Beginning with the line where "Lazo de cinta" occurs, set down each line of the records through the final one, exactly and without additions.

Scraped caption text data
☆ ☆ ☆ ☆ ☆

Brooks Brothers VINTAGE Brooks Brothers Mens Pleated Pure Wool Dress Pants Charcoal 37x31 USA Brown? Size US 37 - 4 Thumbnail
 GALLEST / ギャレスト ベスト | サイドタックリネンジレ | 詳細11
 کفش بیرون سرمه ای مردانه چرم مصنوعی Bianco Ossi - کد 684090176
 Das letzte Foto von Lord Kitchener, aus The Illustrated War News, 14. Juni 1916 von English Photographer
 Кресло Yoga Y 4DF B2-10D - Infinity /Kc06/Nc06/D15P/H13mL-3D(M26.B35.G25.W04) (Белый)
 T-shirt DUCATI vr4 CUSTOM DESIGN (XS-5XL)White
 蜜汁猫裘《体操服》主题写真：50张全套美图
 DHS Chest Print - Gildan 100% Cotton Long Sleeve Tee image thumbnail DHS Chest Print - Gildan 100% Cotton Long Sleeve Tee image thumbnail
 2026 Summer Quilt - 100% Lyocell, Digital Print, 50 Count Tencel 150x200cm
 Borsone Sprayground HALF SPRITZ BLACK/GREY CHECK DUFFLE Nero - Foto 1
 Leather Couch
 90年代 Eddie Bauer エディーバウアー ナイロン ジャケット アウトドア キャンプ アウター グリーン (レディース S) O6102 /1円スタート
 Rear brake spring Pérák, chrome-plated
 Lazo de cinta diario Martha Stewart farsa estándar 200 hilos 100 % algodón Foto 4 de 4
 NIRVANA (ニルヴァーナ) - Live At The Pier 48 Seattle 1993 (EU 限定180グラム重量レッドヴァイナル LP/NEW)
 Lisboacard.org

☆ ☆ ☆ ☆ ☆

#### Solution below:
 Lazo de cinta diario Martha Stewart farsa estándar 200 hilos 100 % algodón Foto 4 de 4
 NIRVANA (ニルヴァーナ) - Live At The Pier 48 Seattle 1993 (EU 限定180グラム重量レッドヴァイナル LP/NEW)
 Lisboacard.org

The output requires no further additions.